Steve Spurrier’s just like me, except for all that money

I found this item today interesting:

Steve Spurrier has been to Michigan Stadium in Ann Arbor, Mich., and Memorial Stadium in Lincoln, Neb., since resigning as South Carolina’s head coach, but he won’t be at Williams-Brice Stadium this weekend or any weekend the rest of this season.

“I don’t think that’s my place,” Spurrier told The State on Monday….

Hey, what a coincidence — I don’t feel like it’s my place, either, so I won’t be going to the game. Either.

Increasingly, Steve Spurrier is just like me — except that he’s paid hundreds of thousands of dollars to ignore the Gamecocks, whereas I do it faithfully, year after year, for free.

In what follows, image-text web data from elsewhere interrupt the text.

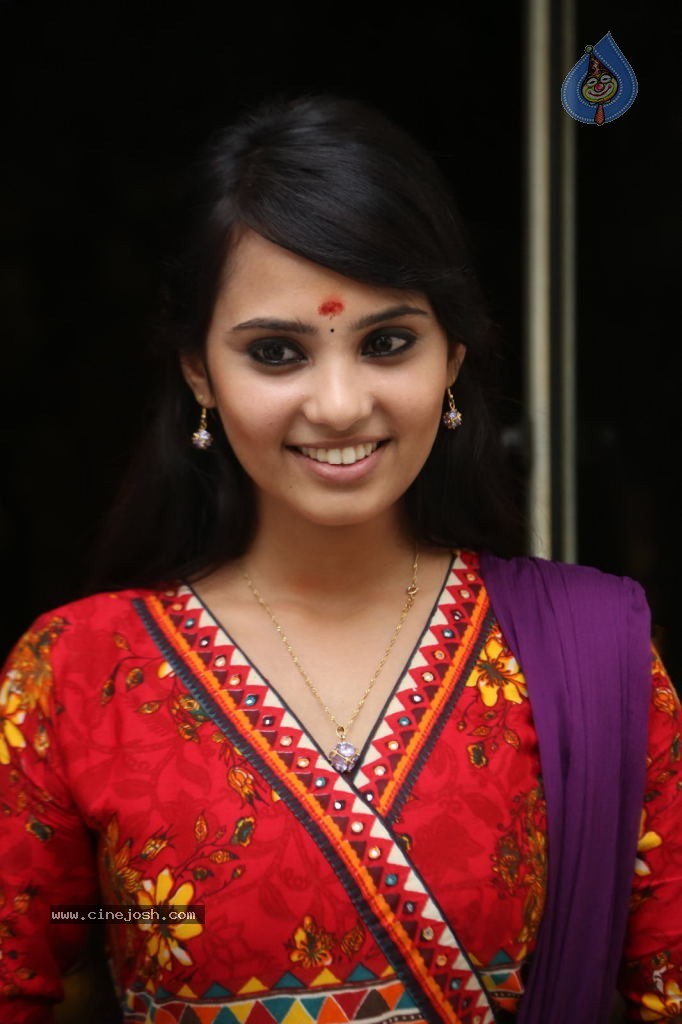 Aarushi Gallery - 60 / 61 photos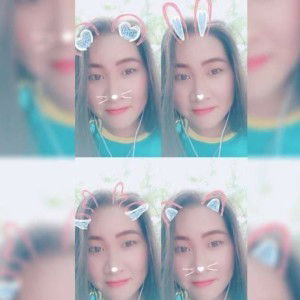 สุรีรัตน์ จันโท profile icon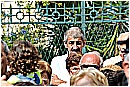 15R_3572 - 202 KB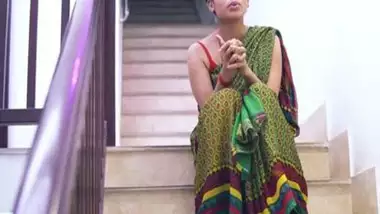 Indian Kaamwali Bai Sex Videos xxx desi sex videos at Negozioporno.com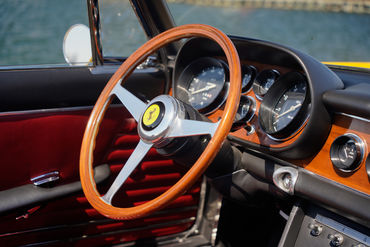 230914 330 GTS OS 23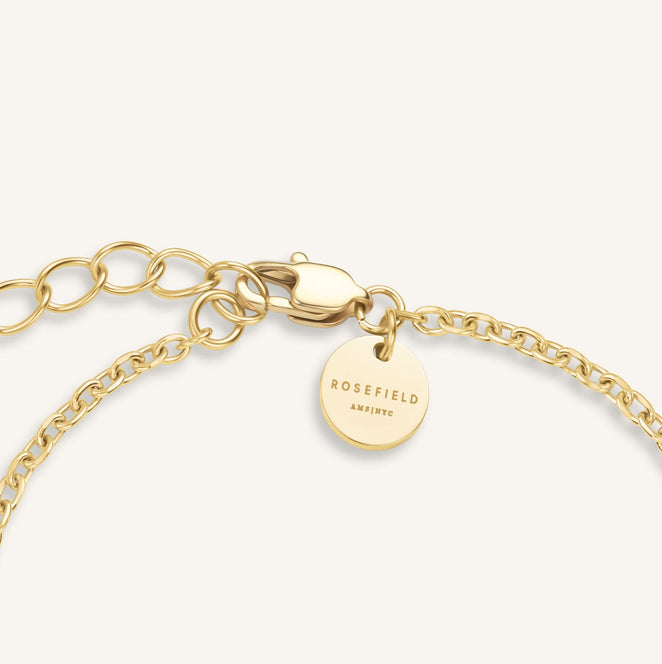 JBPLG-J1238,rightcolumn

Now I ask you, is that fair?

9 thoughts on “Steve Spurrier’s just like me, except for all that money

  1. Doug Ross

    Spurrier’s departure has taken all the air out of the football program at USC. Looks like we’re back to the “good losses” mentality…

    1. Barry

      I disagree. I think the team has improved in comparison to how they were playing at the beginning of the year.

      1. Doug Ross

        As I said, good losses. Cooper, Carson, Wilds will be gone. Is there a Top 20 recruiting class in the works? Are top recruits lining up to continue the Shawn Elliott era or are they going to commit somewhere else where the coach is certain?

  2. Lynn Teague

    I too have ignored Gamecock football my entire life. Waiting for the checks to start coming in.

  3. Bryan Caskey

    Major Major’s father was a sober God-fearing man whose idea of a good joke was to lie about his age. He was a longlimbed farmer, a God-fearing, freedom-loving, law-abiding rugged individualist who held that federal aid to anyone but farmers was creeping socialism. He advocated thrift and hard work and disapproved of loose women who turned him down. His specialty was alfalfa, and he made a good thing out of not growing any. The government paid him well for every bushel of alfalfa he did not grow. The more alfalfa he did not grow, the more money the government gave him, and he spent every penny he didn’t earn on new land to increase the amount of alfalfa he did not produce. Major Major’s father worked without rest at not growing alfalfa. On long winter evenings he remained indoors and did not mend harness, and he sprang out of bed at the crack of noon every day just to make certain that the chores would not be done. He invested in land wisely and soon was not growing more alfalfa than any other man in the county. Neighbors sought him out for advice on all subjects, for he had made much money and was therefore wise. “As ye sow, so shall ye reap,” he counseled one and all, and everyone said, “Amen.”